Regulatory Spotlight on Banking Sector's Crypto Involvement
South Korean financial authorities have intensified scrutiny over traditional banks' connections with the cryptocurrency industry. The Virtual Assets Division of the Financial Services Commission has initiated a formal review examining the compliance of Hana Bank's indirect exposure to crypto exchange operations through a recent equity acquisition.
The Deal and Regulatory Boundaries
At the center of the investigation is Hana Bank's purchase of shares in Kakao Investment. This transaction would grant the bank indirect ownership of approximately 6.55% of Dunamu, the parent company operating Upbit—South Korea's largest digital asset exchange.
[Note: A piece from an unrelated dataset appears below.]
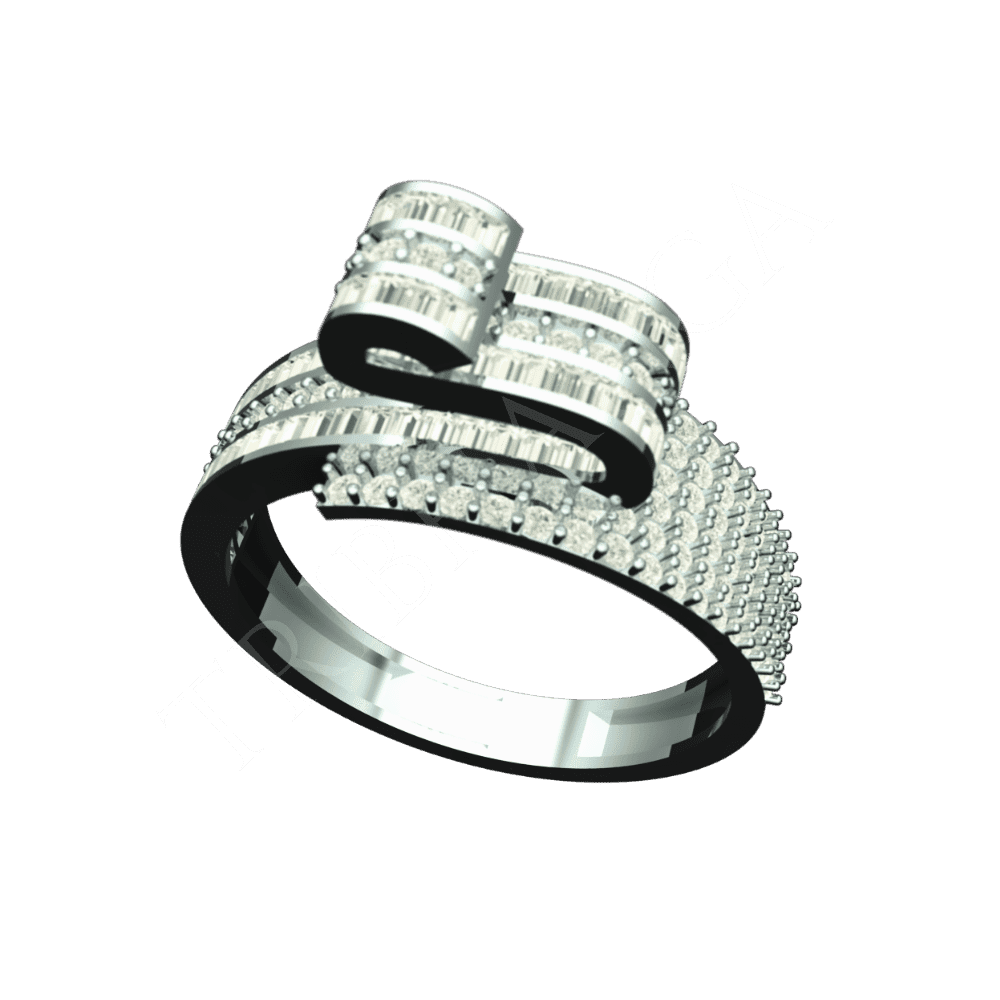 Angled view of Tribhanga Vortex Diamond Bypass Ring showcasing sculptural curves.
Regulators are evaluating whether this arrangement violates the "separation of finance and virtual assets" guideline maintained since 2017.
FSC representatives stated unequivocally: "The same standards apply whether the investment is direct or indirect." Officials emphasized there has been no relaxation of existing rules, warning that the transaction could be terminated if found non-compliant.
Current Framework and Future Directions
- Regulatory Status: The separation principle remains an administrative guideline without formal legislative codification
- Implementation Period: Enforced consistently since 2017 to isolate traditional financial institutions from virtual asset risks
- Legislative Outlook: These requirements may be incorporated into upcoming digital asset legislation like the Digital Asset Basic Act
This review underscores South Korea's cautious regulatory approach toward virtual assets. As digital markets become increasingly intertwined with conventional finance, balancing innovation promotion with risk containment will remain a critical challenge for policymakers moving forward.